# computing the posterior of two Gaussian probability distributions

I am a bit confused how to solve a Bayesian statistics problem. I have a parameter $\epsilon^s$ which is defined as following:

$$\epsilon^s=\frac{\epsilon-g(\pi,z)}{1-g^*(\pi,z)\epsilon}$$ where $g(\pi,z)$ has an analytical description (model) and it is a function of $z$ and $\pi$, but the empirical discrete probability of $z$ can be estimated, $p(z)$. The probability of $\epsilon^s$ is given by $$p_{\epsilon^s}(\epsilon^s)=\frac{1}{2\pi\sigma^2[1-\exp(-\frac{1}{2\sigma^2})]}\exp\left(-\frac{|\epsilon^s|^2}{2\sigma^2}\right)$$ and I assume $p_{\epsilon}(\epsilon|g)\equiv p_{\epsilon^s}(\epsilon^s|g)$. Now I would like to compute the likelihood of probability of measured $\epsilon$, i.e. $\epsilon^{m}=\epsilon+\epsilon^{err}$, for the given $g$ $$p_{\epsilon^m}(\epsilon^m|g)=\int p_{\epsilon}(\epsilon|g)p_{\epsilon^{err}}(\epsilon-\epsilon^m)d\epsilon$$

assuming a Gaussian probability distribution for the measurement error of $\epsilon$ ($\epsilon^{err}$).

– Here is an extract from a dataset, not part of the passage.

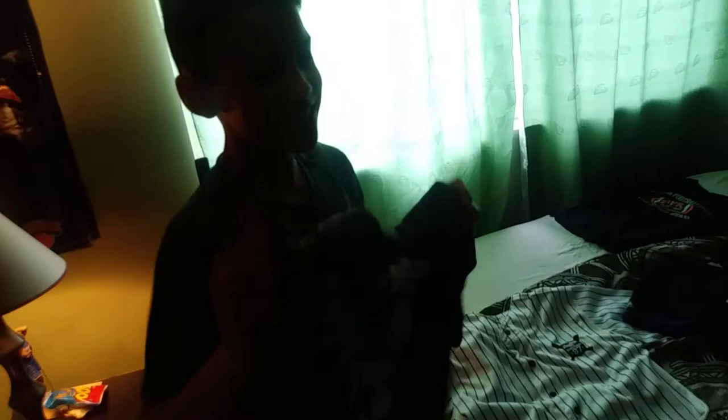Now these two are not really jerseys, but they're like shirt jerseys. This one is a New York Yankees one — my favorite team. Gary Sanchez, number 24. I like him; he hits a lot of home runs. Watch him, he's going to be great. I really like him as a baseball player and he's just really fun to watch. Yankees, let's go.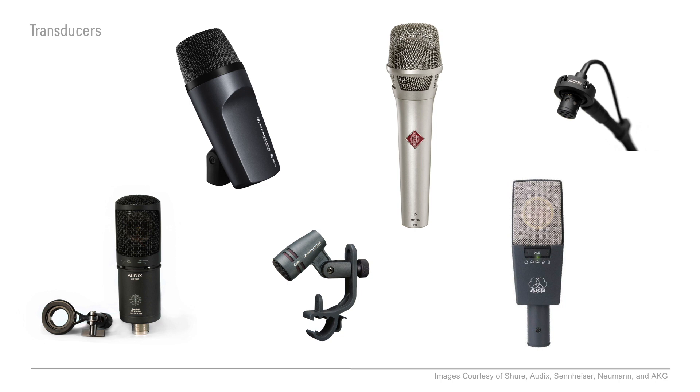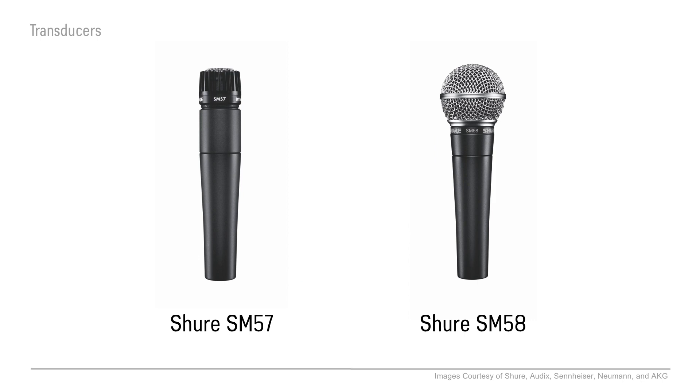And even though it's not as varied as the studio, there are a ton of different kinds you can use for live shows. But honestly, there is one brand you're going to see way more than others, and that's Shure. They really had a hit with their SM57 and SM58 microphones, dating way back to the 60s. And if you've been on stage much, I'm sure you've seen them.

The likelihood for a set of $n$ measured $\epsilon$ and for a $g$ quantity with $\pi$ free parameters of the model is given by

$$L(\pi)=\prod_{i=1}^np_{\epsilon^m}(\epsilon^m_i|g_i)$$

My questions:

1. What is the best way to compute $p_{\epsilon^m}(\epsilon^m_i|g_i)$ assuming both probabilities are Gaussian?
2. how could I include the probability of $p(z)$ in the calculations and marginalize over?
3. Can MCMC be a good method to solve this problem?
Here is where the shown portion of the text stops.